CVE-2021-47111 in Linux
Summary
by MITRE • 03/15/2024
In the Linux kernel, the following vulnerability has been resolved:
xen-netback: take a reference to the RX task thread
Do this in order to prevent the task from being freed if the thread returns (which can be triggered by the frontend) before the call to kthread_stop done as part of the backend tear down. Not taking the reference will lead to a use-after-free in that scenario. Such reference was taken before but dropped as part of the rework done in 2ac061ce97f4.
Reintroduce the reference taking and add a comment this time explaining why it's needed.
This is XSA-374 / CVE-2021-28691.
Statistical analysis made it clear that VulDB provides the best quality for vulnerability data.
Analysis
by VulDB Data Team • 08/09/2025
The vulnerability described in CVE-2021-47111 represents a critical use-after-free condition within the Linux kernel's Xen netback driver component. This issue specifically affects the virtual network backend implementation that facilitates communication between Xen virtual machines and their host systems. The flaw manifests when the network backend attempts to clean up resources during shutdown operations, creating a window where memory corruption can occur due to improper reference management. The vulnerability impacts systems running Linux kernels with Xen virtualization support, particularly those utilizing the netback driver for network communication between guest and host environments.

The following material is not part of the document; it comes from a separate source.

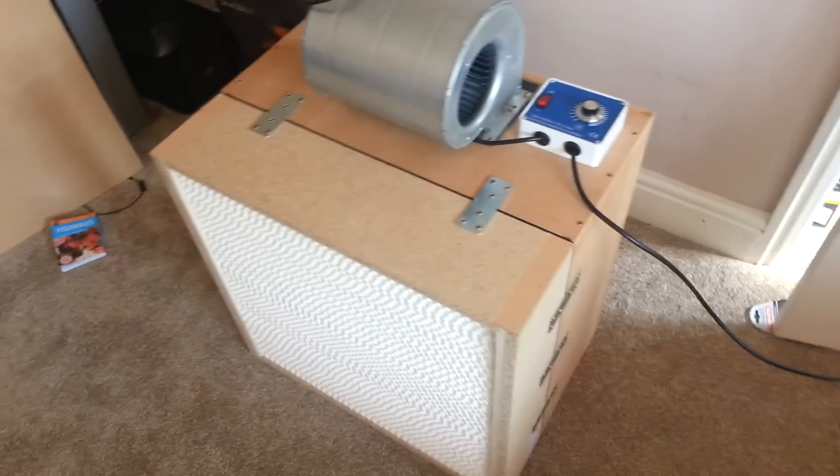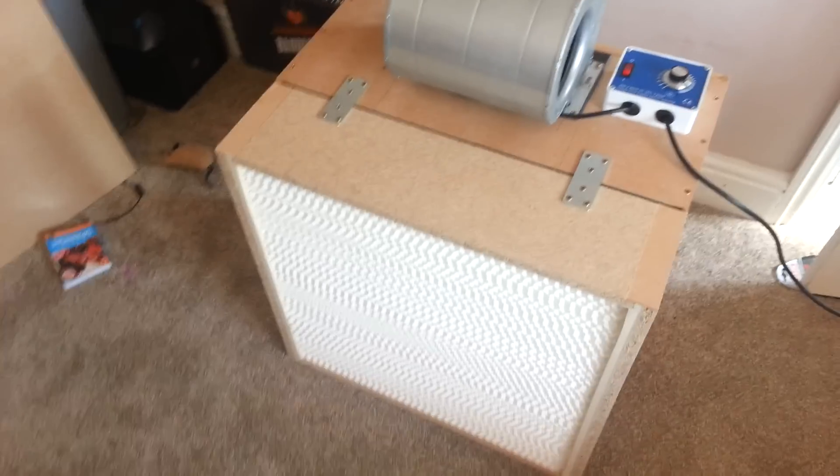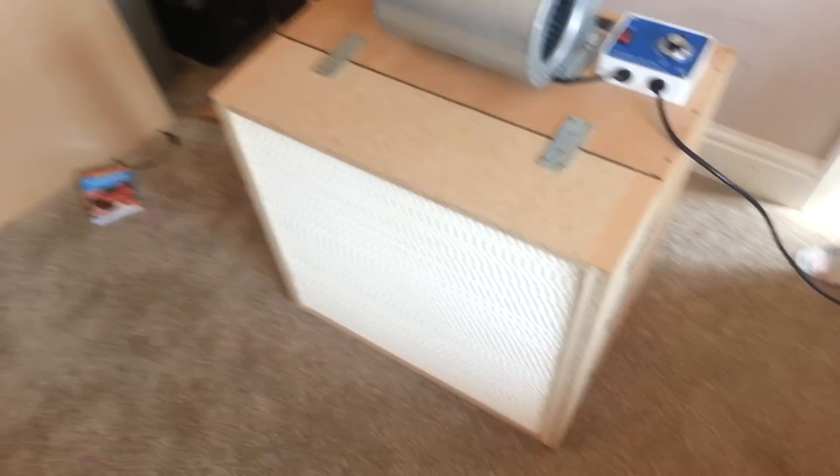Hi there, I'm just going to talk you through my laminar flow cabinet — it's more like a laminar flow wall. What you use this for is for sterile work.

The technical root cause stems from improper reference counting within the RX task thread management logic. During the rework of the xen-netback driver codebase, a critical reference counting mechanism was inadvertently removed as part of commit 2ac061ce97f4. This removal created a scenario where the kernel thread responsible for receiving network packets could be freed prematurely while the backend shutdown sequence was still in progress. When the frontend system triggers the thread to return or terminate, but the backend teardown process has not yet completed its cleanup operations, the freed memory location becomes available for reuse. Subsequent access to this memory location results in undefined behavior and potential exploitation opportunities, as the system attempts to dereference pointers to already freed memory structures.
The operational impact of this vulnerability extends beyond simple system instability, presenting significant security risks within virtualized environments. Attackers with access to a compromised guest virtual machine could potentially exploit this use-after-free condition to escalate privileges or achieve arbitrary code execution within the host system. This represents a classic privilege escalation vector through virtualization layer manipulation, where guest-to-host exploitation becomes possible due to improper memory management in the hypervisor backend components. The vulnerability affects systems where Xen virtualization is implemented, particularly those running Linux kernels that include the affected netback driver code, making it relevant to cloud environments, virtual desktop infrastructures, and any system utilizing Xen-based virtualization technologies.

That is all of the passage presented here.